From NASCAR to dirt-track racing, the drop-off has been palpable. When you look at the numbers for dirt-track or off-track racing, which not long ago were popular sporting events with thousands of fans packing the stands, the past few years have hit this segment of racing especially hard. A record of poor management, lower sponsorships, and lousy track maintenance have driven the sport right into the dirt, so to speak.
And dirt-track racing is not alone in this steady decline. NASCAR has also witnessed a large decline in ticket sales and TV viewers.
The figures for the first half of 2018 from the top three public companies involved in NASCAR, which are: International Speedway Corp. or (ISC), Speedway Motorsports Inc., and Dover Motorsports Inc., show a 14.7 percent drop in admissions revenue for the 14 NASCAR Cup Series weekends after the Daytona 500. TV ratings for the first 16 events of the season were down 20 percent, according to ISC. In addition, big-time sponsors Lowe’s and 5-Hour Energy are among the sponsors who have announced they are leaving NASCAR this year.

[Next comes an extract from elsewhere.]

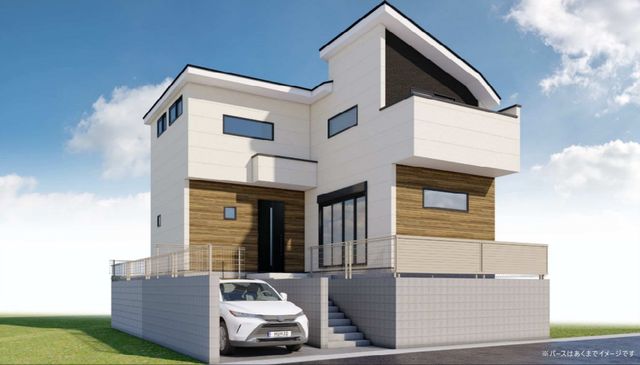 ��t�����ˎs����3���ڂ̐V�z��ˌ��Ă̌��n�O�ώʐ^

But NASCAR enjoyed such a boon just 10 years ago that the decade-long drop in numbers are nothing less than startling. The three public companies named above reported overall admissions revenue of $215 million in 2017, a drop of 54 percent from 2007, when the companies hit an all-time high of $467 million. That is a drop of a whopping $252 million dollars in admissions – not to mention sales of products, food and TV ad revenues.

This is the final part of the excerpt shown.